In 1973 Studio la Città held a group show called Iononrappresentonullaiodipingo – exhibiting works by Carlo Battaglia together with others by Rodolfo Aricò, Giorgio Griffa, and Claudio Verna – which was one of the first exhibitions of so-called Analytical Painting. It was curated by Maurizio Fagiolo dell’Arco who today, after forty-two years, looks back at that period, one that is now undergoing a genuine critical and financial rediscovery, by exhibiting a series of works by artists from the time. This is a confirmation of a choice made then that can now be proposed once more with the double aim of verifying the historical validity it had then, and the present value of an artistic trend that has still to be evaluated in all its critical and historical aspects.

But it is Mare, The Sea, that completes this moment for reinvestigation that Studio la Città is proposing to the public: in fact Mare is a series of works by Carlo Battaglia that actually deals with this theme of reinvestigation. It is an anthological selection of works representing the whole of his activity from the early 1960s – which are linked to Iononrappresentonullaiodipingo, of which Battaglia was a protagonist – to the early 2000s and the death of the artist in 2005. The theme of the sea is constantly to be found in Battaglia’s work (he was born in La Maddelena, by the sea, where he was to return in his final years), even when his sophisticated canvases were indicated as the quintessence of Analytical Painting: today, all types of conceptualism and critical ideologies have been abandoned, but what we see here is a dogged and almost obsessive relationship between the artist’s self and the painting which uses as a pretext – though one that is deeply felt – an element that is always the same and always iridescent: the sea. He analyses it in every possible mutation, in all conditions, and from every point of view.

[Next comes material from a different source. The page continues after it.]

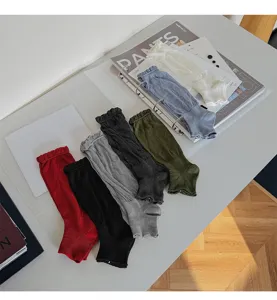 Gros plan de jambières unies à volants, tissu en coton doux, style superposé tendance.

And from the whole itinerary there not only results the coherence of the painter, but also the coherence of painting itself, of which Battaglia was one of the most knowing and meticulous exponents.
Today the figure of Carlo Battaglia is the object of a careful examination by a group of galleries and a pool of attentive collectors, and this show is an important – and strategically thought out – step long the “journey of rediscovery” of one of the most significant Italian artists of the analytical period, as well as being a research into painting tout court, quite apart from trends and labels.

The exhibition has been organised in collaboration with the Fondazione Carlo Battaglia in Rome; it is curated by Marco Meneguzzo, the editor of the artist’s catalogue raisonné, and is dedicated to Carla Panicali, wife of the artist and great friend of Hélène de Franchis.